MATERIAL SHOWN section start

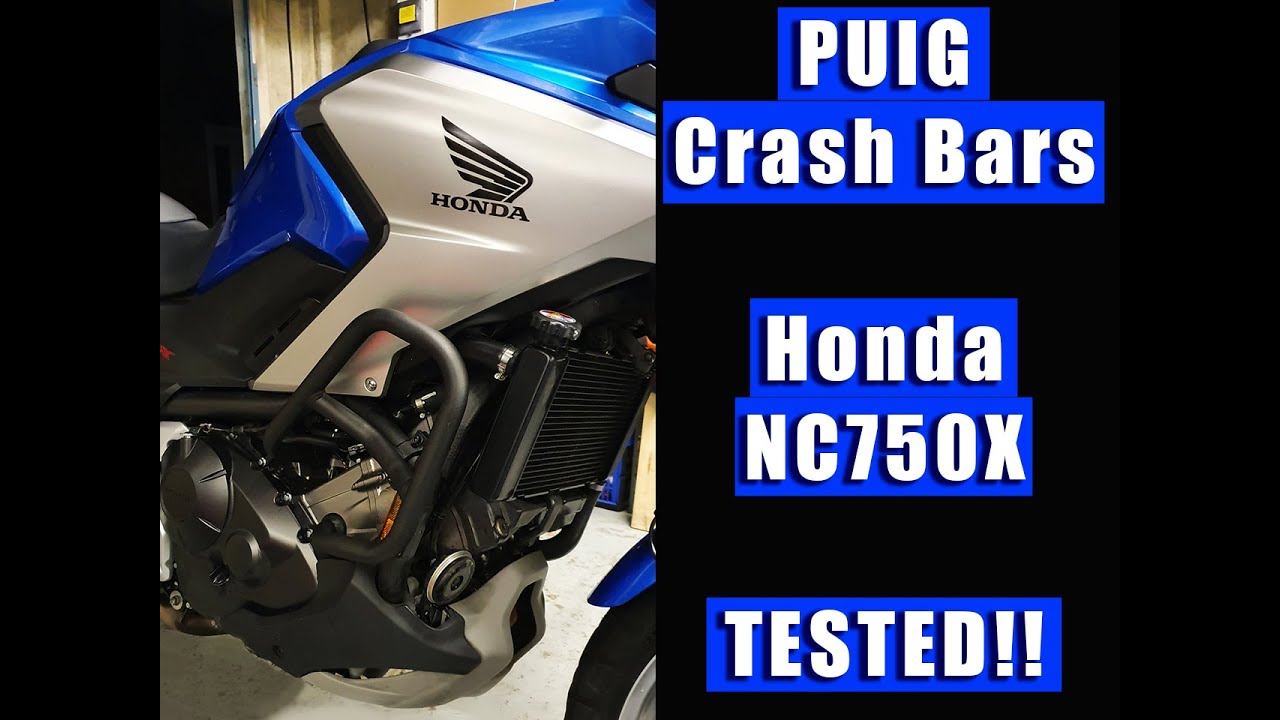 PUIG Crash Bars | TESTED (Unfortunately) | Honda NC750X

MATERIAL SHOWN section end
MATERIAL SHOWN section start

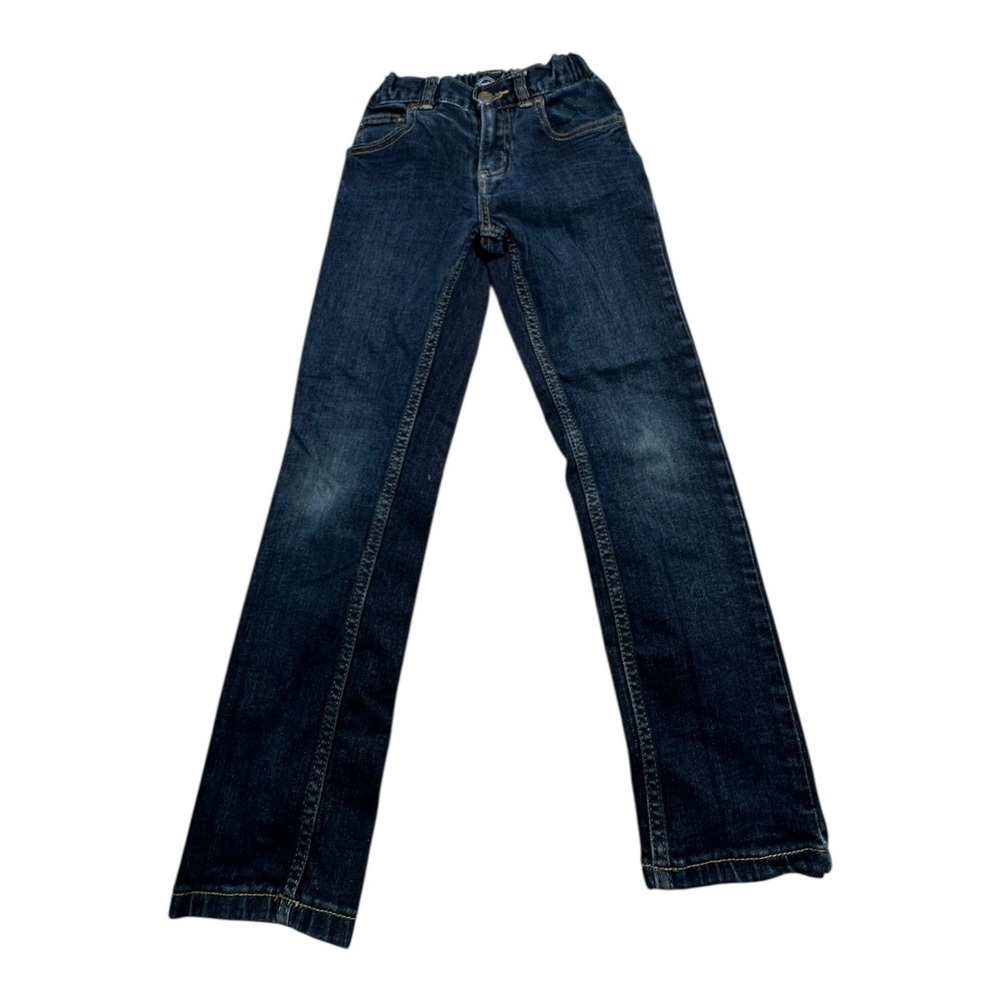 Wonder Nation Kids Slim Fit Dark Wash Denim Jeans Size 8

MATERIAL SHOWN section end
MATERIAL SHOWN section start

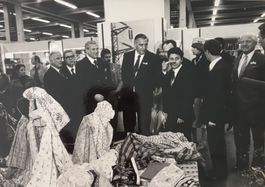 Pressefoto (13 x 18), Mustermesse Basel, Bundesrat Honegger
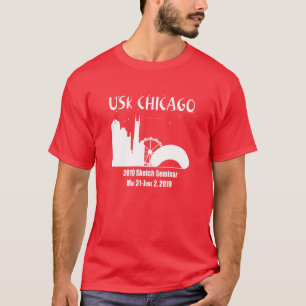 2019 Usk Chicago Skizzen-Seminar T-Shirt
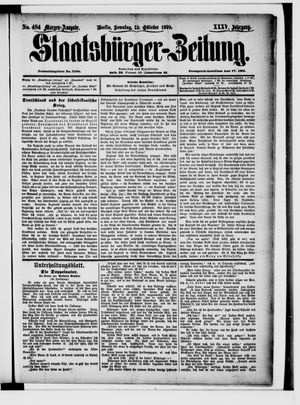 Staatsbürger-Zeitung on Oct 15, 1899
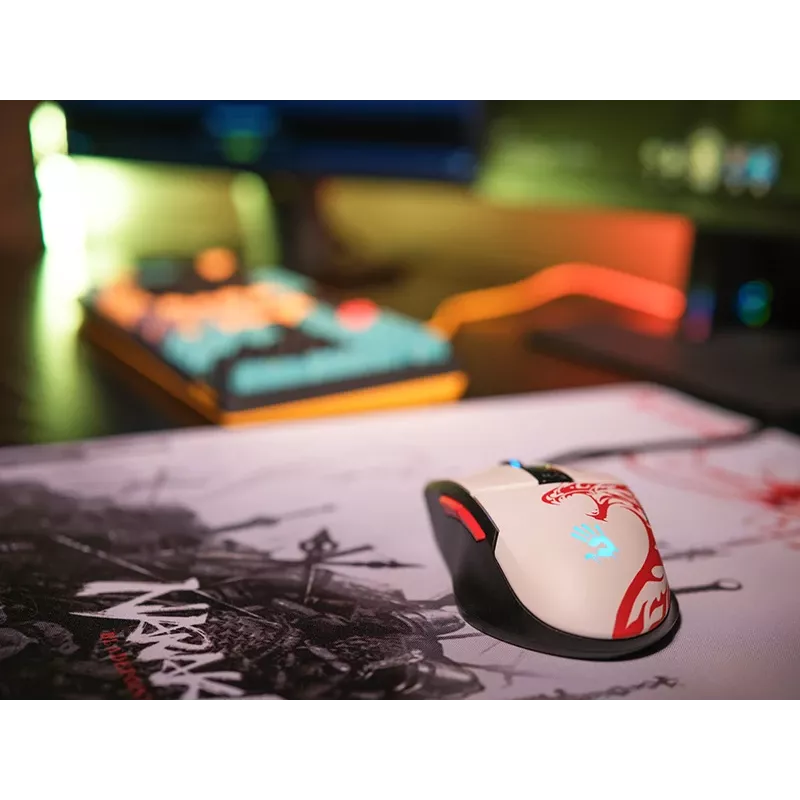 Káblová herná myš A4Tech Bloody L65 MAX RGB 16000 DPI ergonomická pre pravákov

MATERIAL SHOWN section end

TASK TO CARRY OUT:
Given the listing above, retype only the span of lines from the line with "Staatsbürger-Zeitung on Oct 15, 1899" up to and including the line with "Káblová herná myš", exactly as it stands and without pictures.

EXPECTED ANSWER:
 Staatsbürger-Zeitung on Oct 15, 1899
 Káblová herná myš A4Tech Bloody L65 MAX RGB 16000 DPI ergonomická pre pravákov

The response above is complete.